## Directions for this task
Repeat every record word for word and omit the images.

━━━━━ Data for this task ━━━━━

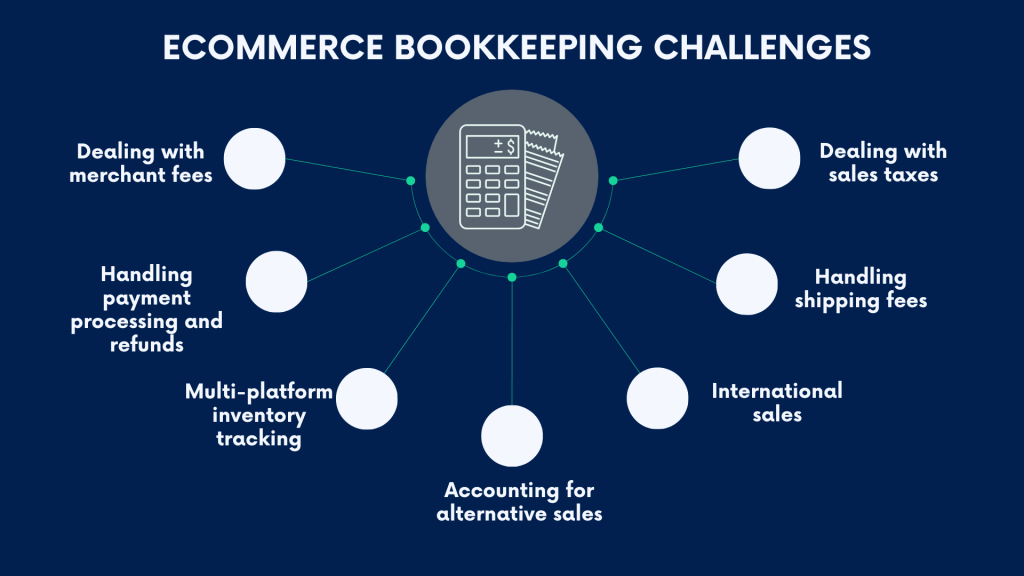 Bookkeeping for ecommerce: typical ecommerce bookkeeping challenges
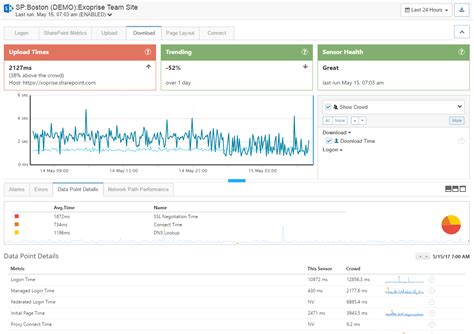 Image result for SharePoint Performance Monitoring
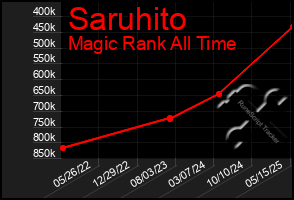 Total Graph of Saruhito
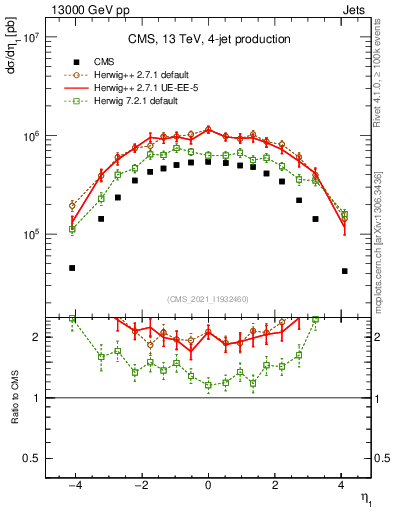 Plot of j.eta in 13000 GeV pp collisions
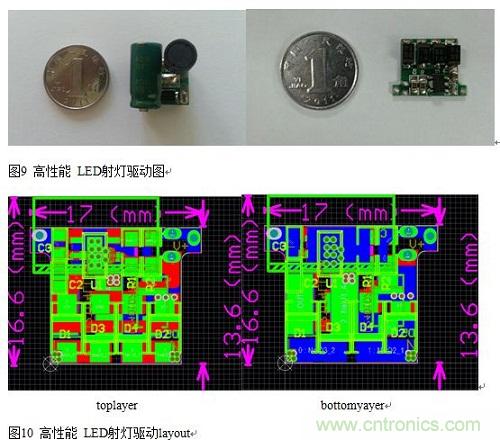 旨在突破！源于TRUEC2技術(shù)的高性能LED射燈方案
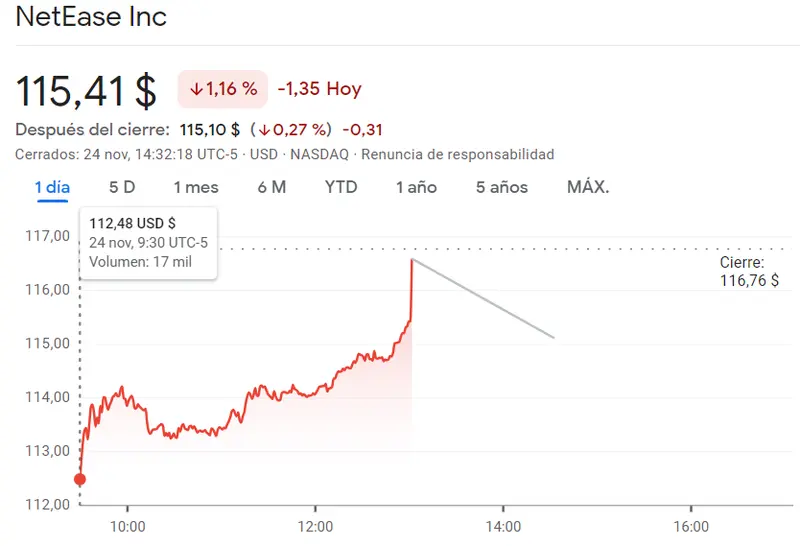 Especial atención a las acciones Airbnb (-0.52%) y gran cuidado con las acciones NetEase del Nasdaq 100 - 1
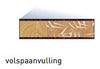 Vlakke boarddeur - volspaan (stomp)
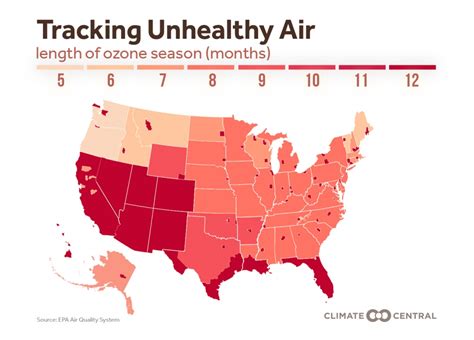Climate Change Is Threatening Air Quality Across The Country Climate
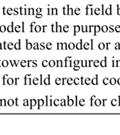 EXCEPTION 4 to Section 144(h)2: Up to 1/3 of thee fans on a condenser or tower with multiple fans where the lead fans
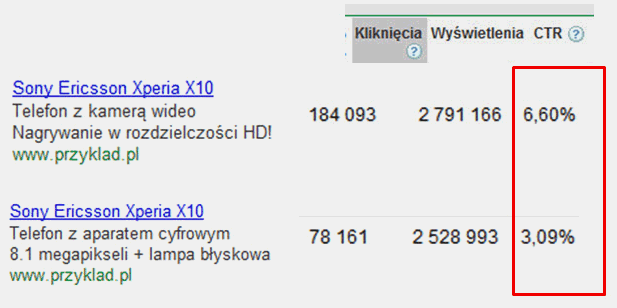 Analiza przekazu reklamowego w AdWords i w wyszukiwarce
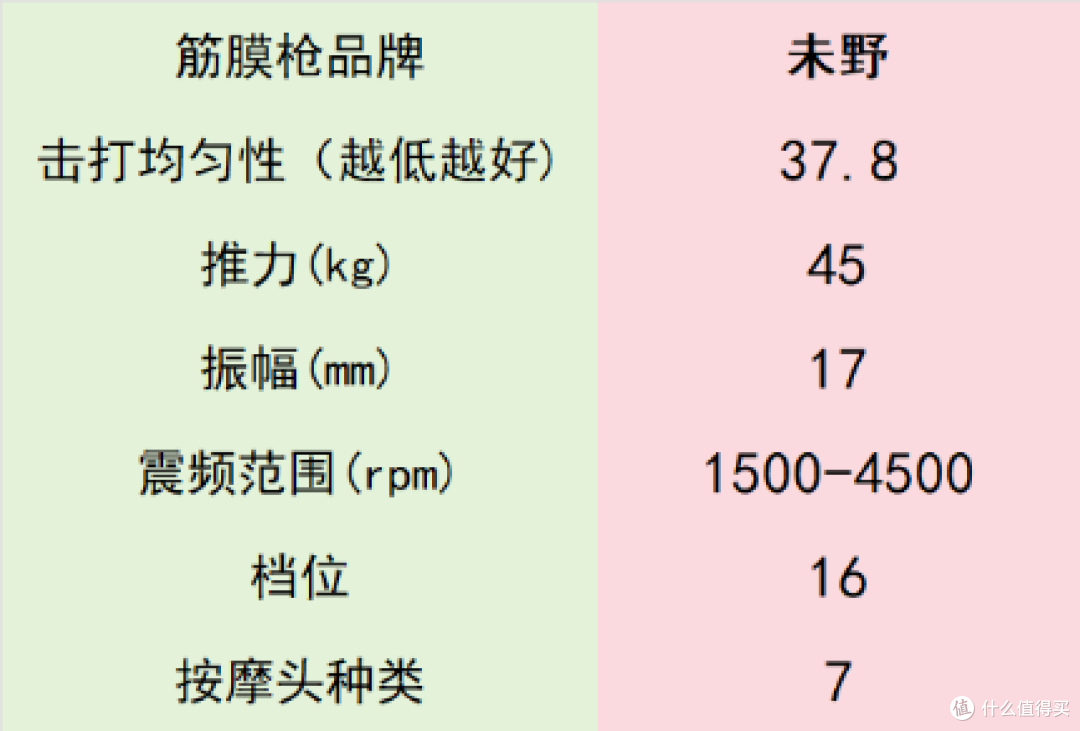 5超强专业级筋膜枪十大排名:揭秘品牌排行前10款卓越产品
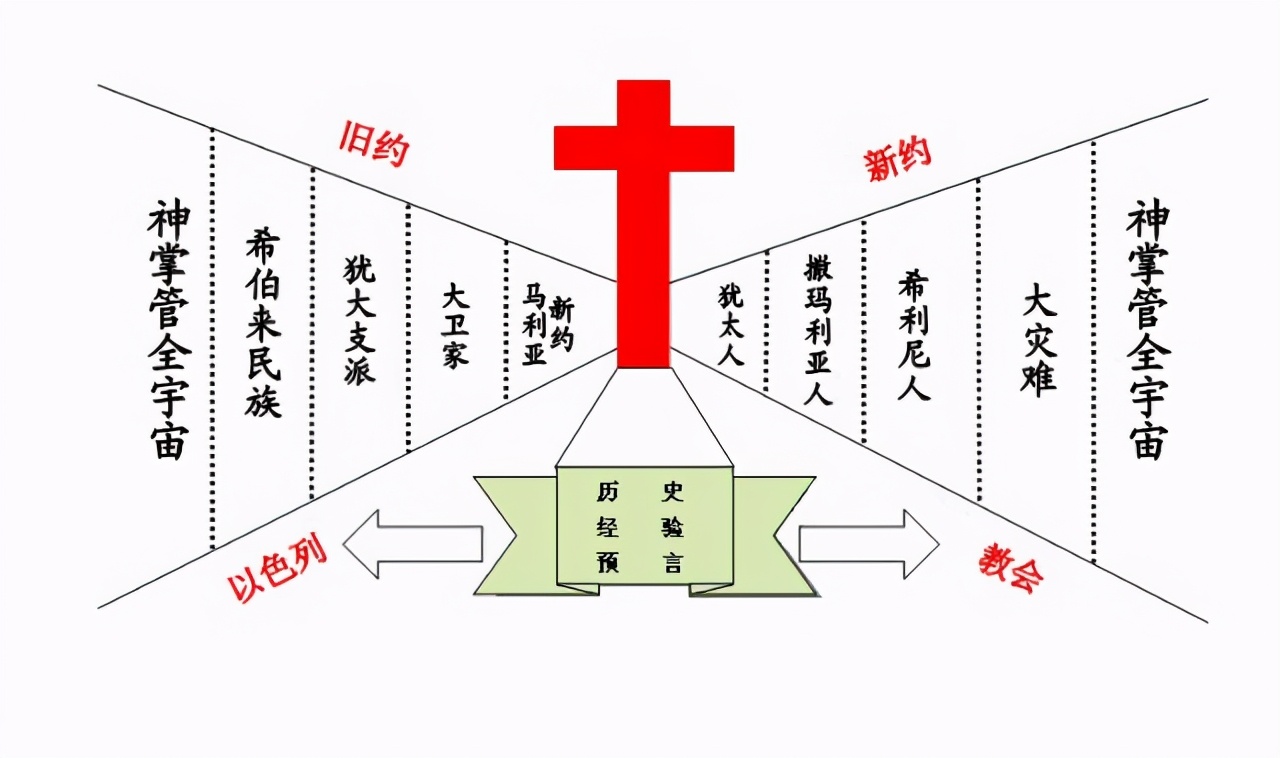 基督教东正教与天主教区别,基督教与天主教东正教三者的区别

━━━━━

## Solved exercise
 Bookkeeping for ecommerce: typical ecommerce bookkeeping challenges
 Image result for SharePoint Performance Monitoring
 Total Graph of Saruhito
 Plot of j.eta in 13000 GeV pp collisions
 旨在突破！源于TRUEC2技術(shù)的高性能LED射燈方案
 Especial atención a las acciones Airbnb (-0.52%) y gran cuidado con las acciones NetEase del Nasdaq 100 - 1
 Vlakke boarddeur - volspaan (stomp)
Climate Change Is Threatening Air Quality Across The Country Climate
 EXCEPTION 4 to Section 144(h)2: Up to 1/3 of thee fans on a condenser or tower with multiple fans where the lead fans
 Analiza przekazu reklamowego w AdWords i w wyszukiwarce
 5超强专业级筋膜枪十大排名:揭秘品牌排行前10款卓越产品
 基督教东正教与天主教区别,基督教与天主教东正教三者的区别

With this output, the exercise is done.